A process on Linux can be a long-running application, a quick shell command like ls, or anything that the kernel spawns to do some work on the system. If something is getting done in Linux, a process is doing it. Your web browser, text editor, vulnerability scanner, and even things like reading files and the commands you’ve learned so far all spawn a process.

Linux’s process model is important to understand because the abstraction it gives you – the Linux process – is what all the commands and tools you’ll use to manage processes depend on. Gone are the details you’re used to seeing from a developer’s perspective: variables, functions, and threads have all been encapsulated as “a process.” You’re left with a different, external set of knobs to manipulate and gauges to check: process ID, status, resource usage, and all the other process attributes we’ll be covering in this chapter.

First, we’ll take a close look at the process abstraction itself, and then we’ll dive into useful, practical things you can do with Linux processes. While we’re covering the practical aspects, we’ll pause to add detail to a few aspects that are a common source of problems, like permissions, and give you some heuristics for troubleshooting processes.

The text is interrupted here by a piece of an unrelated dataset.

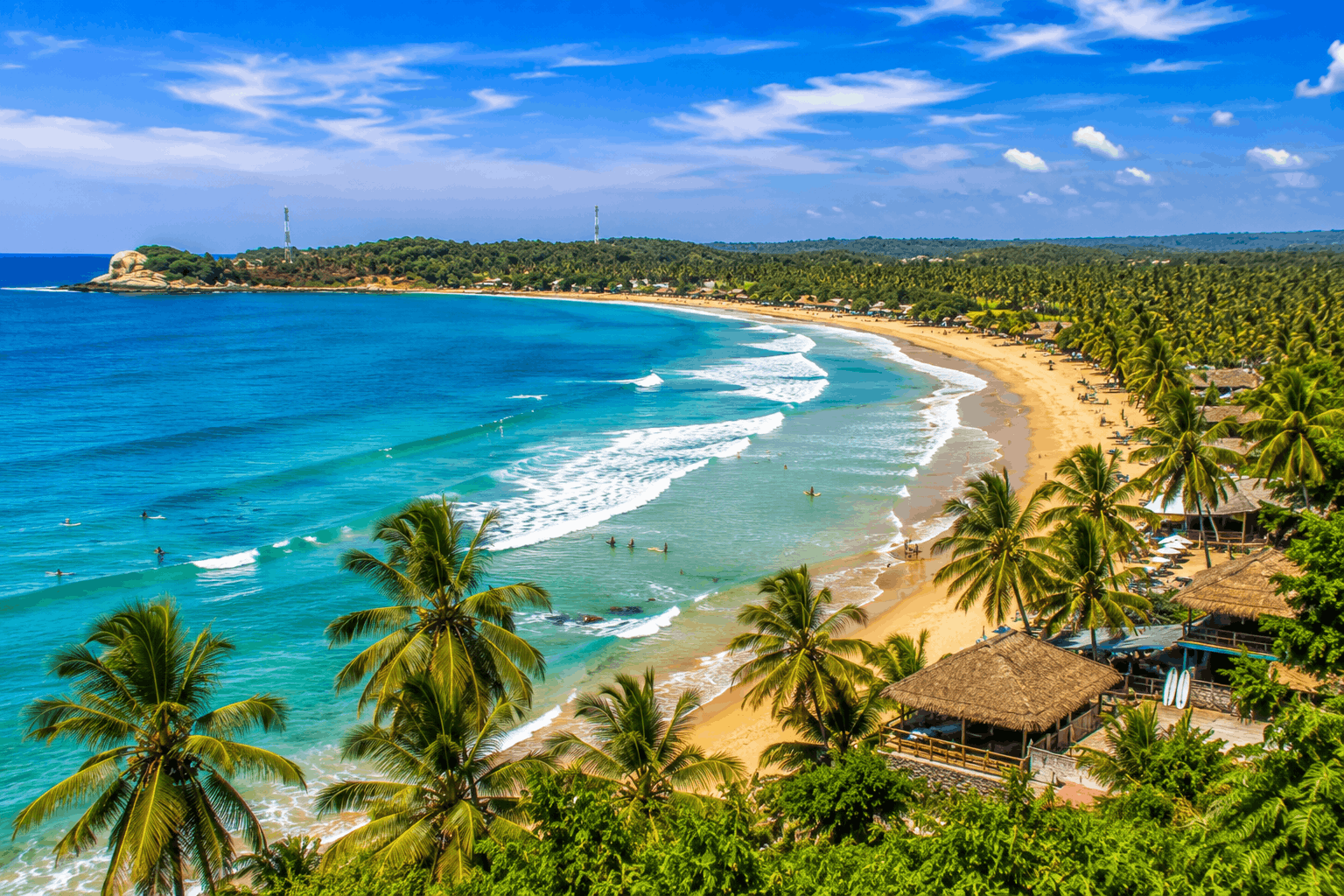 Arugam Bay – World-famous surfing destination.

In this chapter, you’ll learn about the following topics:

What a Linux process is, and how to see the processes currently running on your system
The attributes a process has, so you know what information you can gather while troubleshooting
Common commands for viewing and finding processes
More advanced topics that can come in handy for a developer actually writing programs that execute as Linux processes: Signals and inter-process communication, the /proc virtual filesystem, seeing open file handles with the lsof command, and how processes are created in Linux

You’ll also get a practical review of everything you’ve learned in an example troubleshooting session that uses the theory and commands we cover in this chapter. Now, let’s dive into what exactly a Linux process is.

Process basics

When we refer to a “process” in Linux, we’re referring to the operating system’s internal model of what exactly a running program is. Linux needs a general abstraction that works for all programs, which can encapsulate the things the operating system cares about. A process is that abstraction, and it enables the OS to track some of the important context around programs that are executing; namely:

Memory usage
Processor time used
Other system resource usage (disk access, network usage)
Communication between processes
Related processes that a program starts, for example, firing off a shell command

You can get a listing of all system processes (at least the ones your user is allowed to see) by running the ps program with the aux flags:

Figure 2.1: List of system processes

We’ll cover the attributes most relevant to your work as a developer in this chapter.

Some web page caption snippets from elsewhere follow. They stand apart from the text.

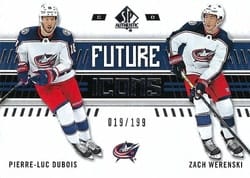 2019-20 SP Authentic Base Set Pierre-Luc Dubois/Zach Werenski #125 card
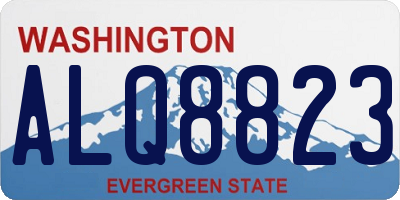 WA license plate ALQ8823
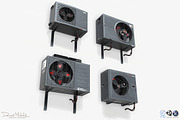Sci-fi Air conditiong PBR, an Object 3D Model by Daniel Mikulik (Thumbnail 1 of 20)
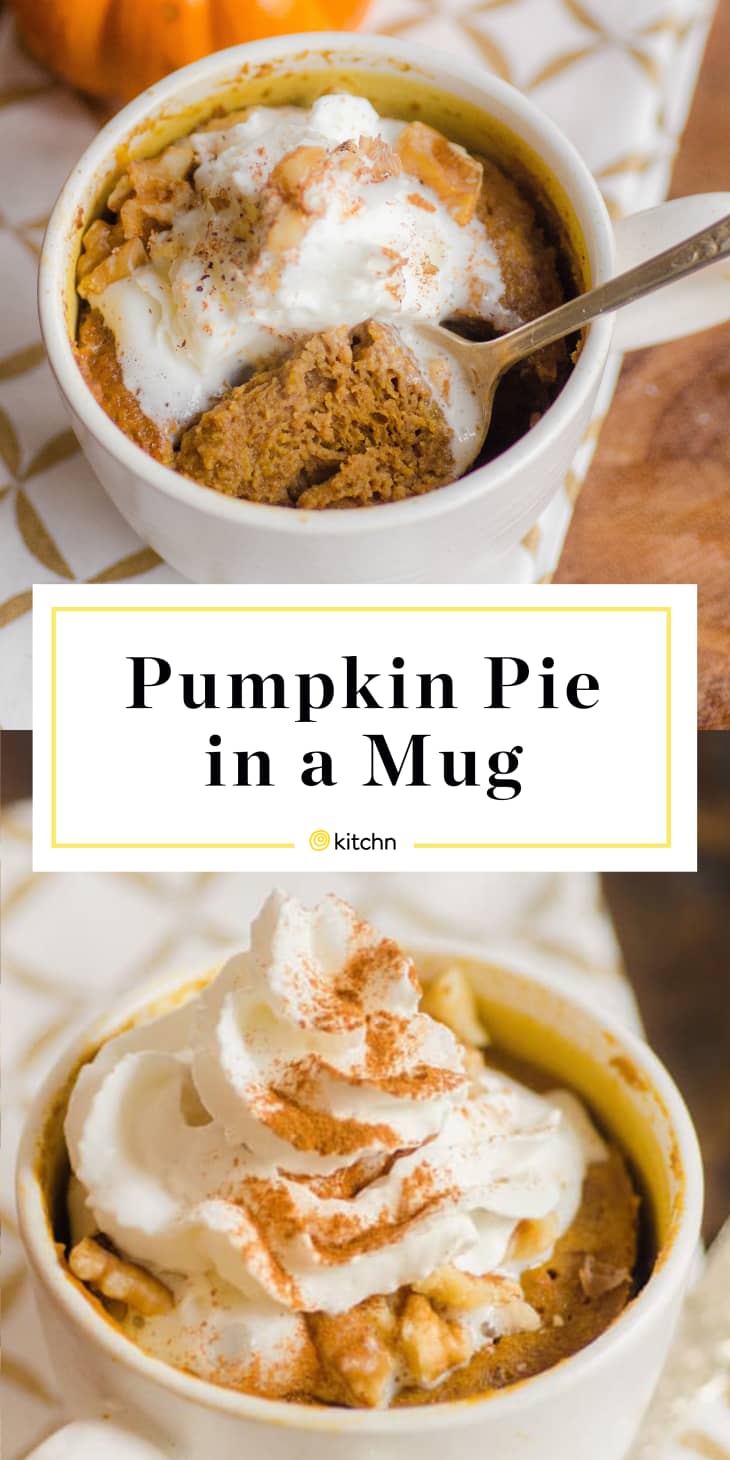 Pumpkin Pie in a Mug The Kitchn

What is a Linux process made of?

From the perspective of the operating system, a “process” is simply a data structure that makes it easy to access information like:

Process ID (PID in the ps output above). PID 1 is the init system – the original parent of all other processes, which bootstraps the system. The kernel starts this as one of the first things it does after starting to execute. When a process is created, it gets the next available process ID, in sequential order. Because it is so important to the normal functioning of the operating system, init cannot be killed, even by the root user. Different Unix operating systems use different init systems – for example, most Linux distributions use systemd, while macOS uses launchd, and many other Unixes use SysV. Regardless of the specific implementation, we’ll refer to this process by the name of the role it fills: “init.”

Note

In containers, processes are namespaced – in the “real” environment, all container processes might be PID 3210, while that single PID maps to lots of processes (1..n, where n is the number of running processes in the container). You can see this from outside but not inside the container.

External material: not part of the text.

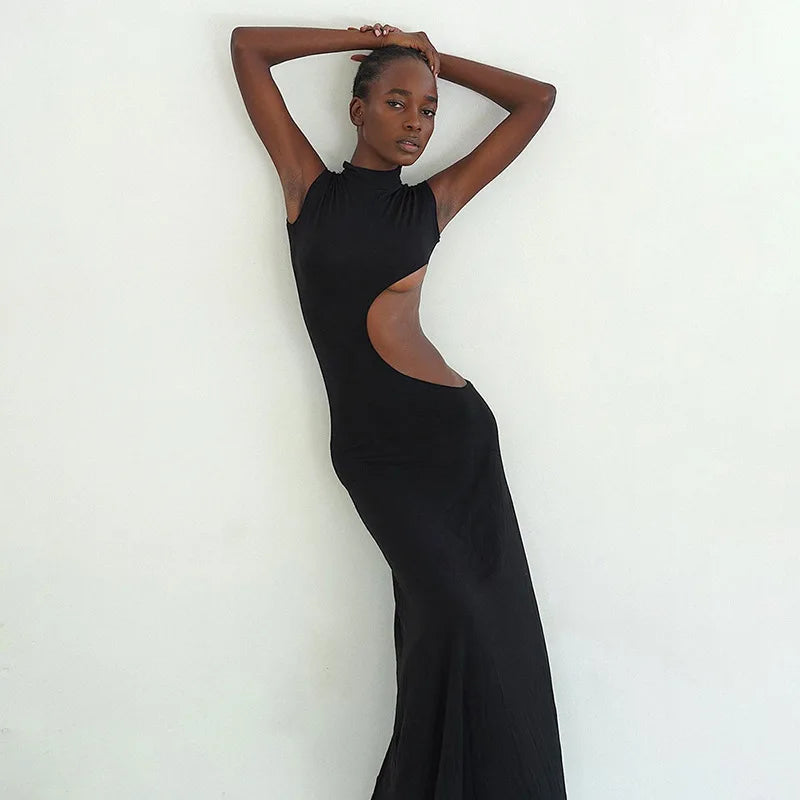 #PB Cut Out Maxi Dress - passionbarn.com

Parent Process PID (PPID). Each process is spawned by a parent. If the parent process dies while the child is alive, the child becomes an “orphan.” Orphaned processes are re-parented to init (PID 1).
Status (STAT in the ps output above). man ps will show you an overview:
- D – uninterruptible sleep (usually IO)
- I – idle kernel thread
- R – running or runnable (on run queue)
- S – interruptible sleep (waiting for an event to complete)
- T – stopped by job control signal
- t – stopped by debugger during tracing
- X – dead (should never be seen)
- Z – defunct (“zombie”) process, terminated but not reaped by its parent
Priority status (“niceness” – does this process allow other processes to take priority over it?).
A process Owner (USER in the ps output above); the effective user ID.
Effective Group ID (EGID), which is used.
An address map of the process’s memory space.
Resource usage – open files, network ports, and other resources the process is using (VSZ and RSS for memory usage in the ps output above).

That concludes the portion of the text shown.